§ Work request: Transcribe word for word the section of the records below that opens with the line containing "Ellis Gleason - Gallery Image 11" and closes with the line containing "Vacuum Sealer — image 3"; drop every picture.
--- Material shown Enclosed Below ---
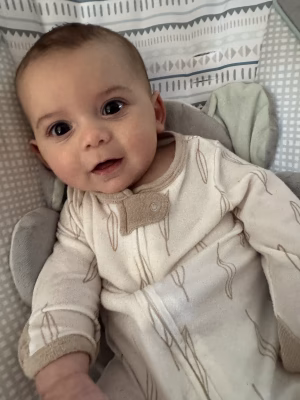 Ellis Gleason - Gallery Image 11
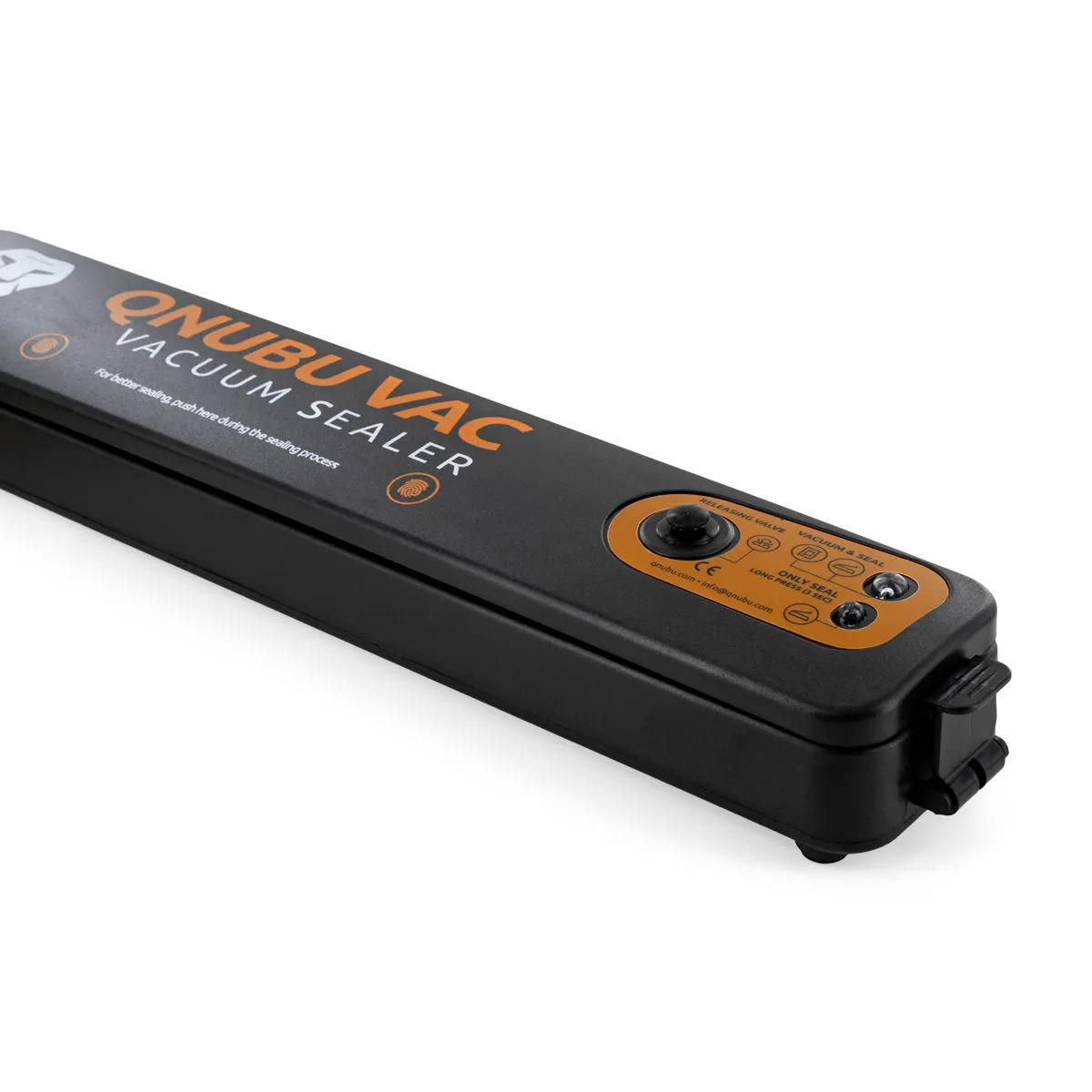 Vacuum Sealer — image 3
--- End of Enclosed Material shown ---
--- Material shown Enclosed Below ---
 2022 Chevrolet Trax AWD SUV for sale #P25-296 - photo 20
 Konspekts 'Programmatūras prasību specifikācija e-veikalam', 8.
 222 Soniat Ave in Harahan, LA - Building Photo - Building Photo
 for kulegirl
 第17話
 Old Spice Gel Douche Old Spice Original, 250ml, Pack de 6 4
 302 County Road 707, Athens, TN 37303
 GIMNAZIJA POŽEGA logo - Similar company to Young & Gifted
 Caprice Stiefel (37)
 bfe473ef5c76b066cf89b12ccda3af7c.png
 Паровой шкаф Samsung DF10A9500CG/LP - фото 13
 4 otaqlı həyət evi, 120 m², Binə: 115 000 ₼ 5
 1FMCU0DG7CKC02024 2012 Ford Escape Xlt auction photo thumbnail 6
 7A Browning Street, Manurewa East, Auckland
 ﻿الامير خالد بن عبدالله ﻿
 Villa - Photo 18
--- End of Enclosed Material shown ---
§ Answer to this problem:
 Ellis Gleason - Gallery Image 11
 Vacuum Sealer — image 3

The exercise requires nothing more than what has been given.